Every line below from the one with "Feng J. Pink" through the one with "Albert Bierstadt - Der" should be retyped exactly, both ends included; no other lines and no pictures.

---------- Information provided

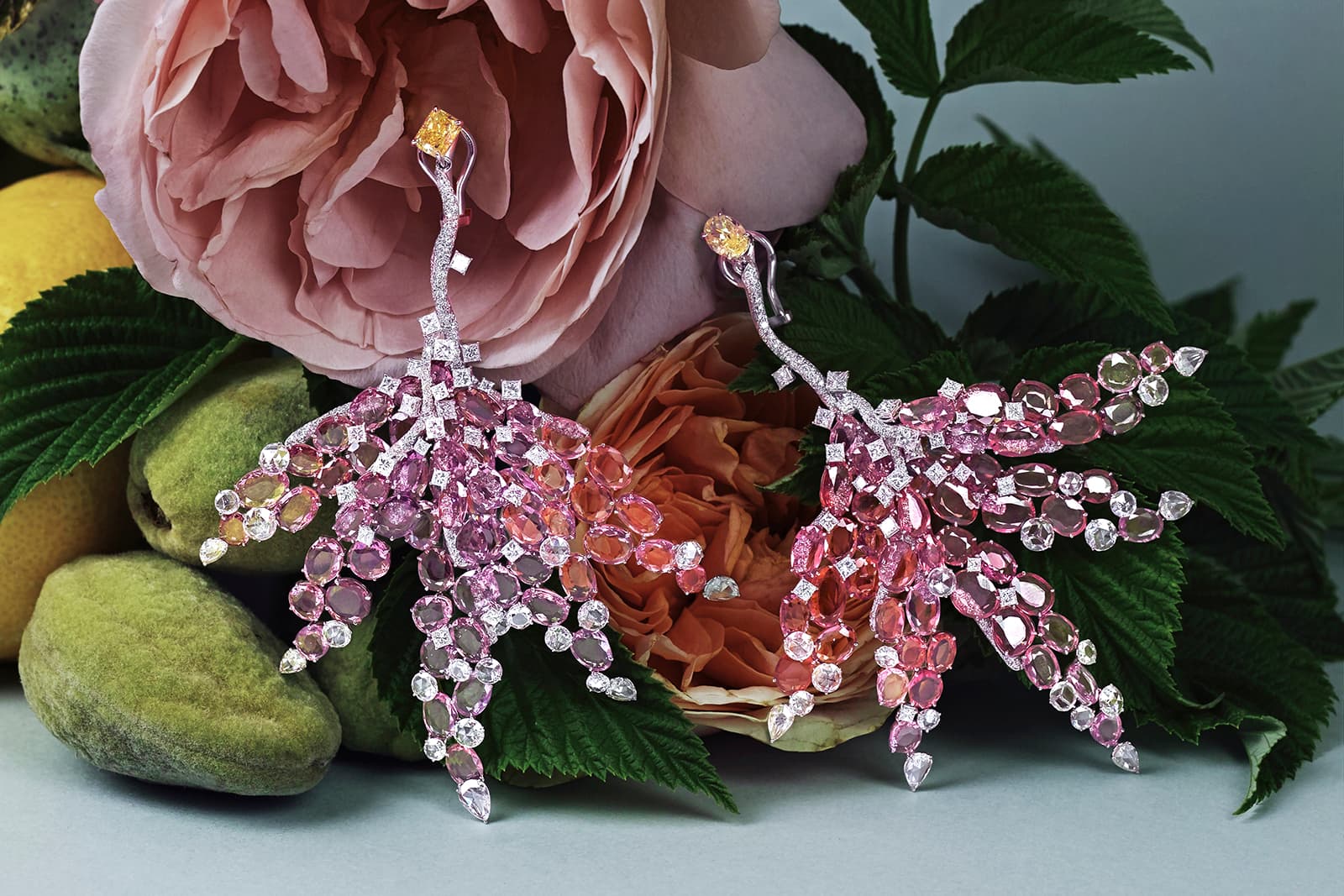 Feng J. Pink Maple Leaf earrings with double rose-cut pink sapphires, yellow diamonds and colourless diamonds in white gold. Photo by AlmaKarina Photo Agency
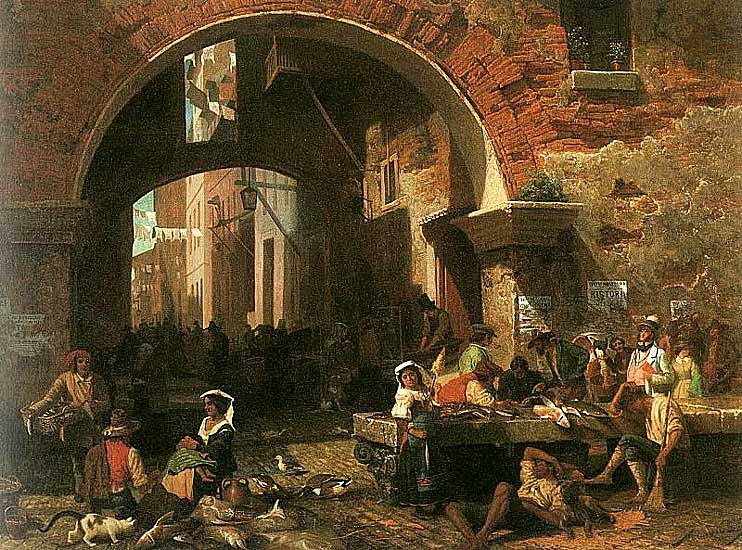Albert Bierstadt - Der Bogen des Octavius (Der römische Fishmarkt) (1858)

--------------------
---------- Information provided

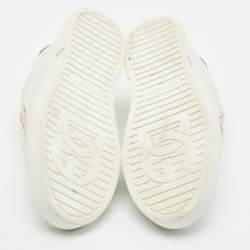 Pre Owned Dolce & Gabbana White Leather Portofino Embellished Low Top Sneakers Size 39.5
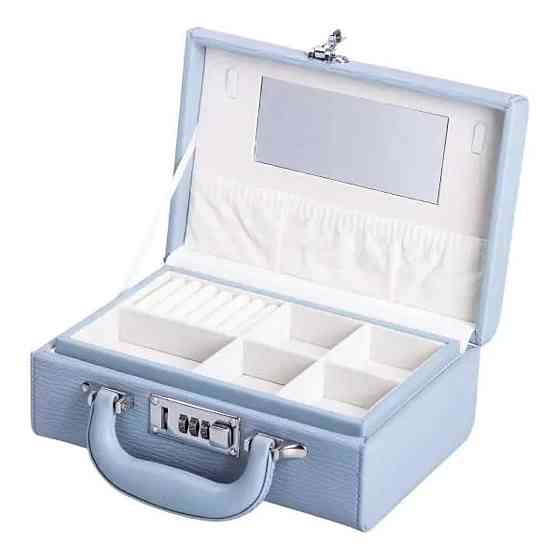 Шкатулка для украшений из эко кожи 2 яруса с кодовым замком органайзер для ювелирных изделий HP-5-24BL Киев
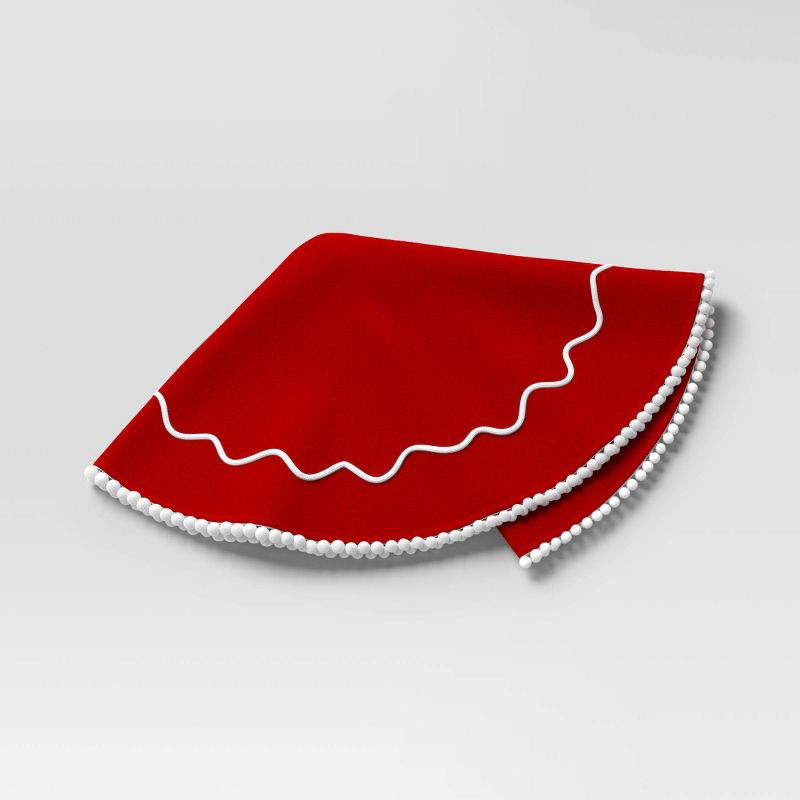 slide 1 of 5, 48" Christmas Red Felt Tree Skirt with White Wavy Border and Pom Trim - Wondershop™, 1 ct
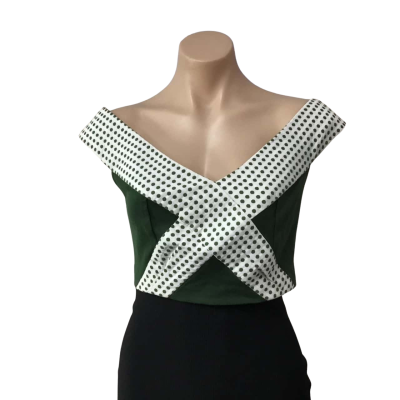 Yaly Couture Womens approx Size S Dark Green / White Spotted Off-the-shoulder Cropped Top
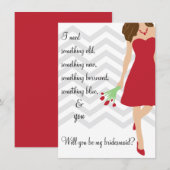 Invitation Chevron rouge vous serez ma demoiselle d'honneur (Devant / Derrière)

--------------------
---------- Information provided

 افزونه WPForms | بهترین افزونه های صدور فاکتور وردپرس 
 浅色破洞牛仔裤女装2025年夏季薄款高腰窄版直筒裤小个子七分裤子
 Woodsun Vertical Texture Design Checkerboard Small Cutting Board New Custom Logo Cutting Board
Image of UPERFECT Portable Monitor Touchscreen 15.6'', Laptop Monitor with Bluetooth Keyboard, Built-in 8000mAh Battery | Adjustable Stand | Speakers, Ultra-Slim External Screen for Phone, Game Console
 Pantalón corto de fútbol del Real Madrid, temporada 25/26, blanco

--------------------

= Written response =
 Feng J. Pink Maple Leaf earrings with double rose-cut pink sapphires, yellow diamonds and colourless diamonds in white gold. Photo by AlmaKarina Photo Agency
Albert Bierstadt - Der Bogen des Octavius (Der römische Fishmarkt) (1858)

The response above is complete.